Task goal: Write out, word for word and with no pictures, each line below from the one containing "Фото - Мангал" through the one containing "Pablo Picasso (1881-1973)", both included, and no other line.

Raw data:
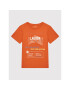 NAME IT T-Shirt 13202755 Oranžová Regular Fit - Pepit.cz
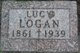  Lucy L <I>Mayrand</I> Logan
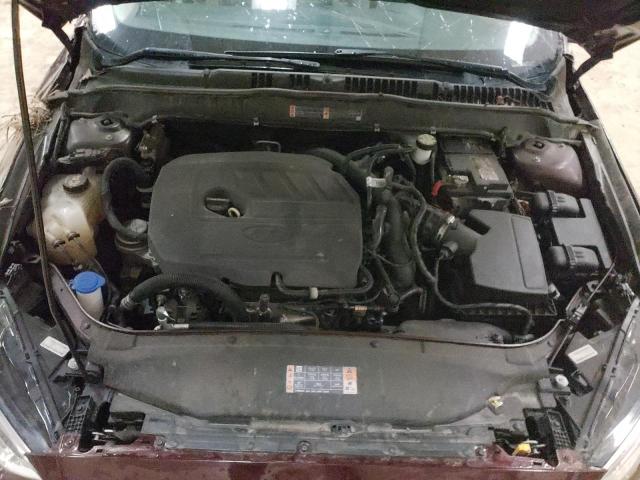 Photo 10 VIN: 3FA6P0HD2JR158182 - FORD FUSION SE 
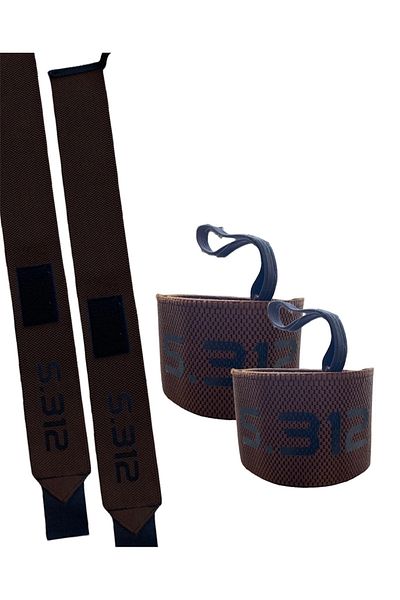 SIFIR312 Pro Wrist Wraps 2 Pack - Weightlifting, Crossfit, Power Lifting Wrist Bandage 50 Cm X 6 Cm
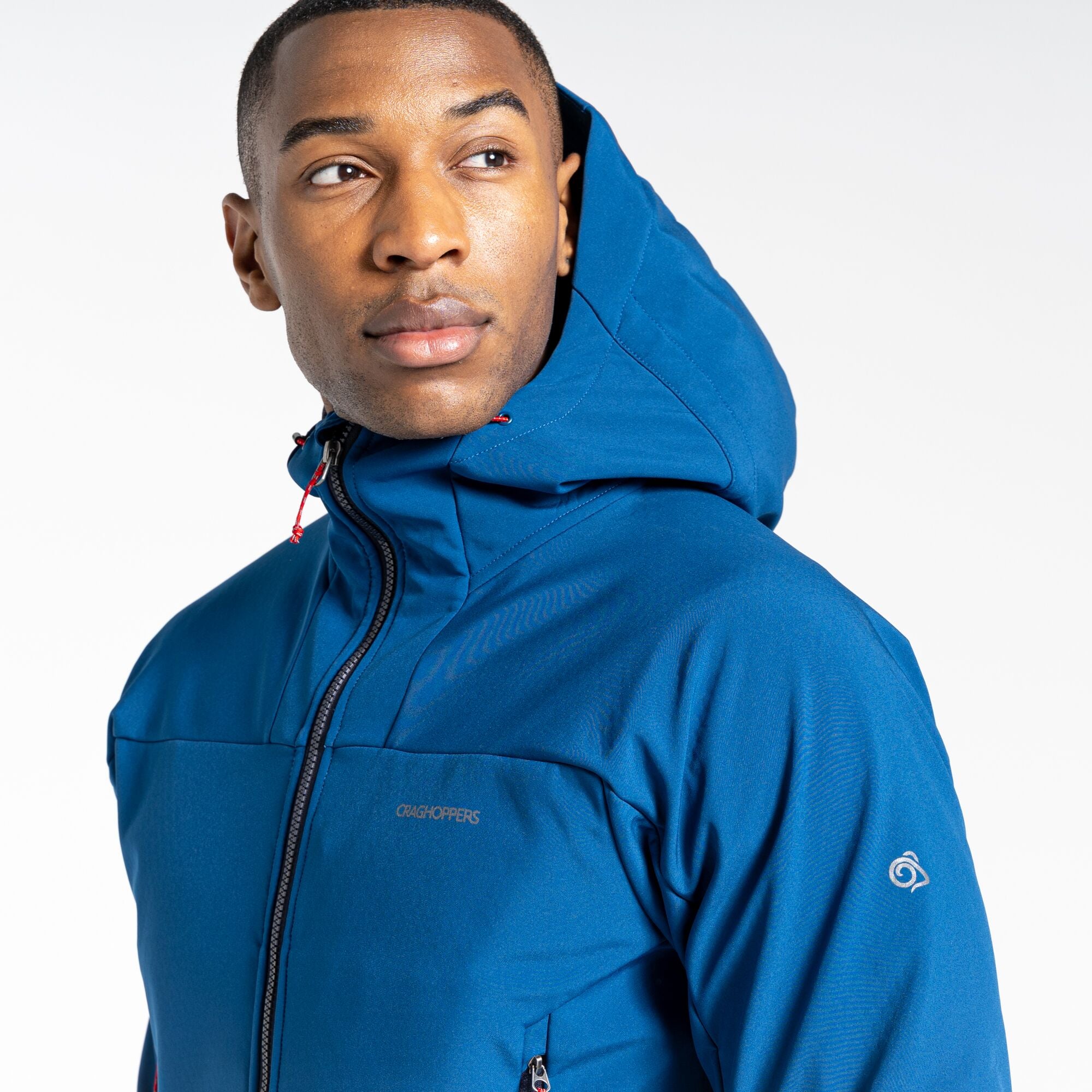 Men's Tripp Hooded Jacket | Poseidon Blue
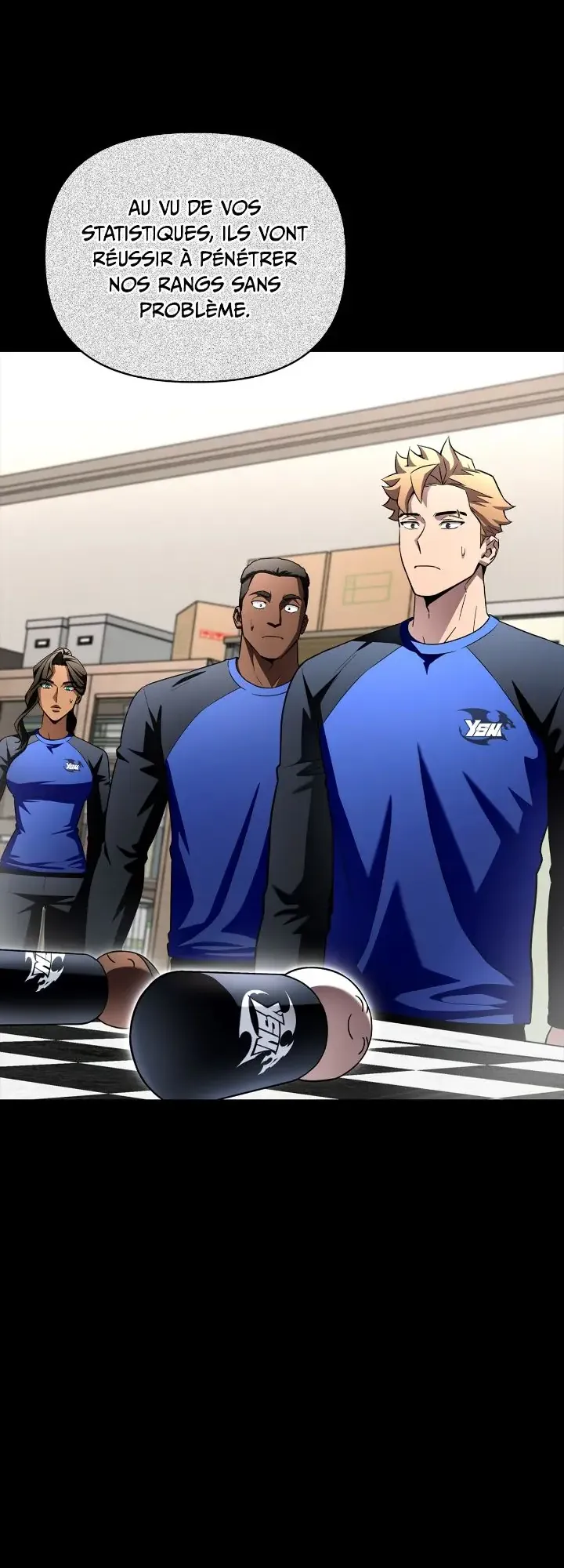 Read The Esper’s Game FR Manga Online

--

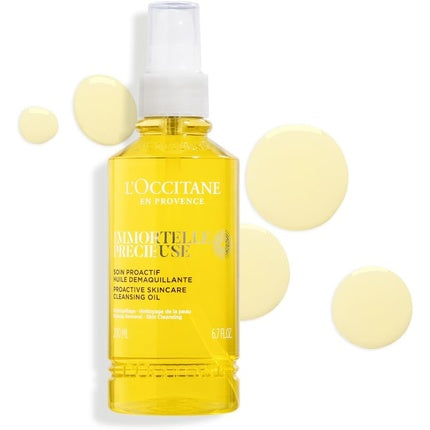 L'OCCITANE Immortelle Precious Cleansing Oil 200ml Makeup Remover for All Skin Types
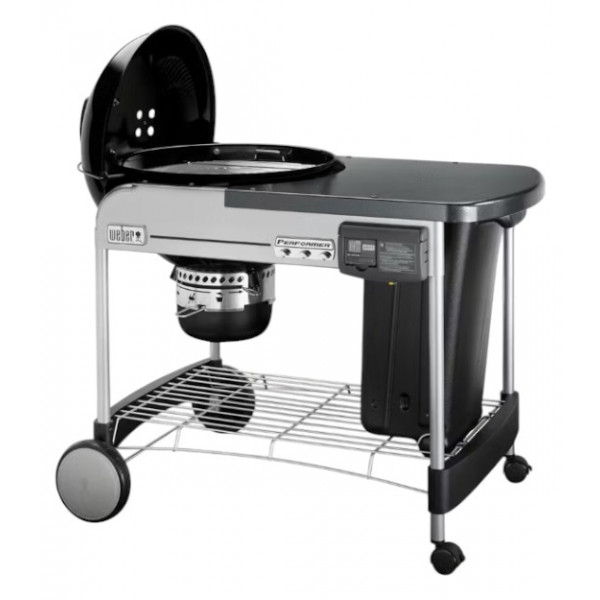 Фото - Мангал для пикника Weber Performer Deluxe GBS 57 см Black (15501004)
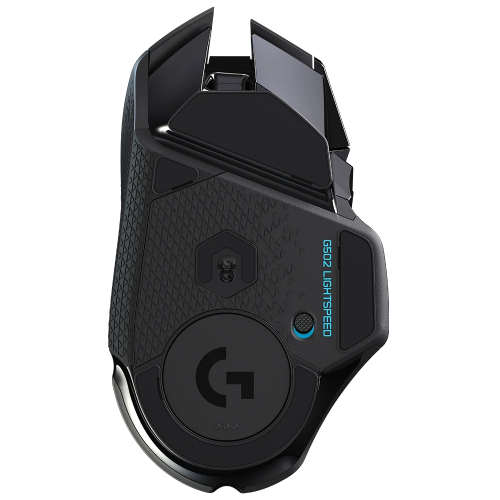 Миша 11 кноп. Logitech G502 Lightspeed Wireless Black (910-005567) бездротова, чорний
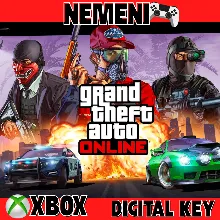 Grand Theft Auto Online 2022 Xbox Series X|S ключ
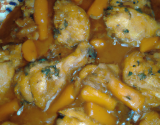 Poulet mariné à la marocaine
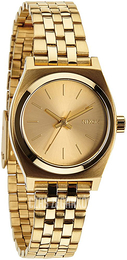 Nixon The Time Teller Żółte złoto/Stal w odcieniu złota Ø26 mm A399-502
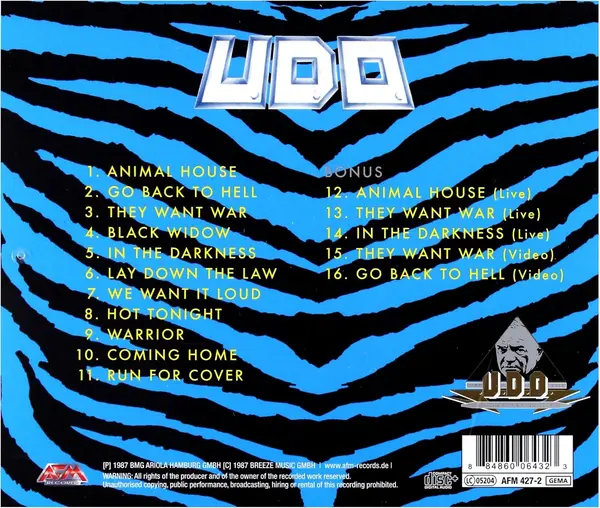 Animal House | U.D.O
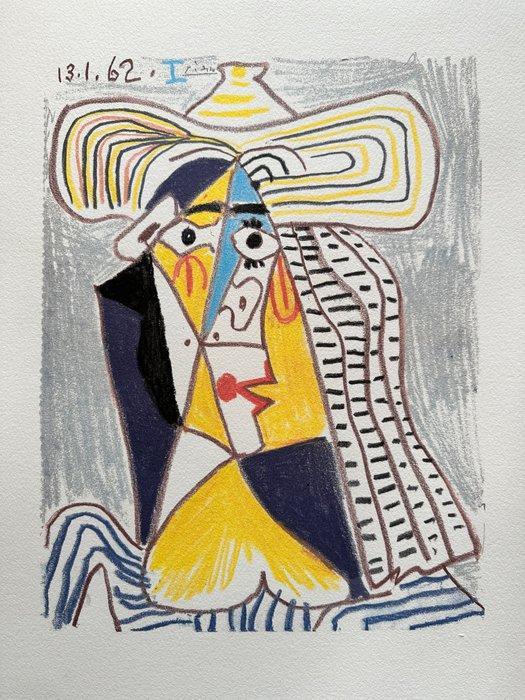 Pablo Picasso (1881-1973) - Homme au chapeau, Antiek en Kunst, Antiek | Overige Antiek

==

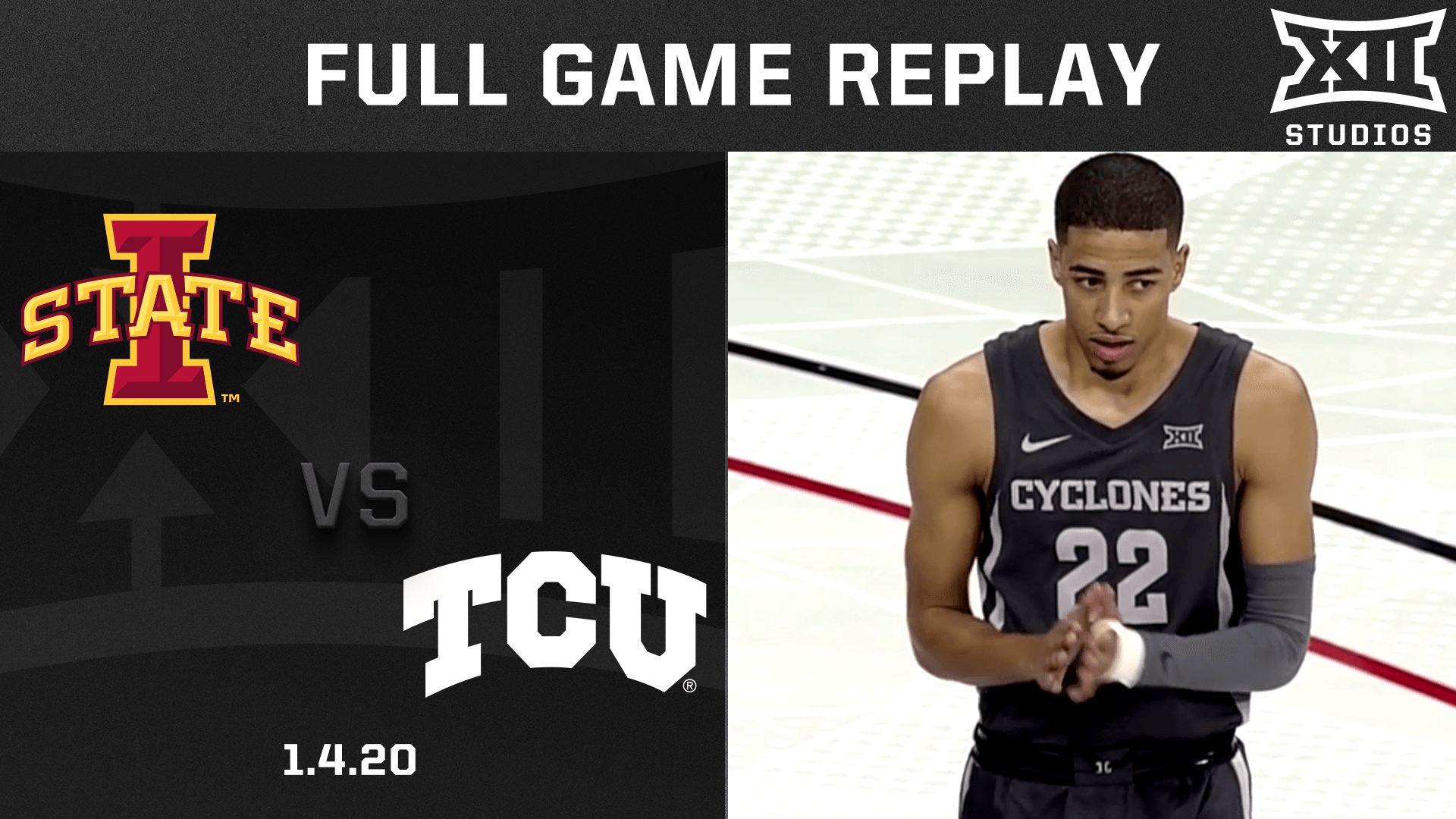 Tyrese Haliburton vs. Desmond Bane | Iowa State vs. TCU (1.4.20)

Answer space:
 Фото - Мангал для пикника Weber Performer Deluxe GBS 57 см Black (15501004)
 Миша 11 кноп. Logitech G502 Lightspeed Wireless Black (910-005567) бездротова, чорний
 Grand Theft Auto Online 2022 Xbox Series X|S ключ
 Poulet mariné à la marocaine
 Nixon The Time Teller Żółte złoto/Stal w odcieniu złota Ø26 mm A399-502
 Animal House | U.D.O
 Pablo Picasso (1881-1973) - Homme au chapeau, Antiek en Kunst, Antiek | Overige Antiek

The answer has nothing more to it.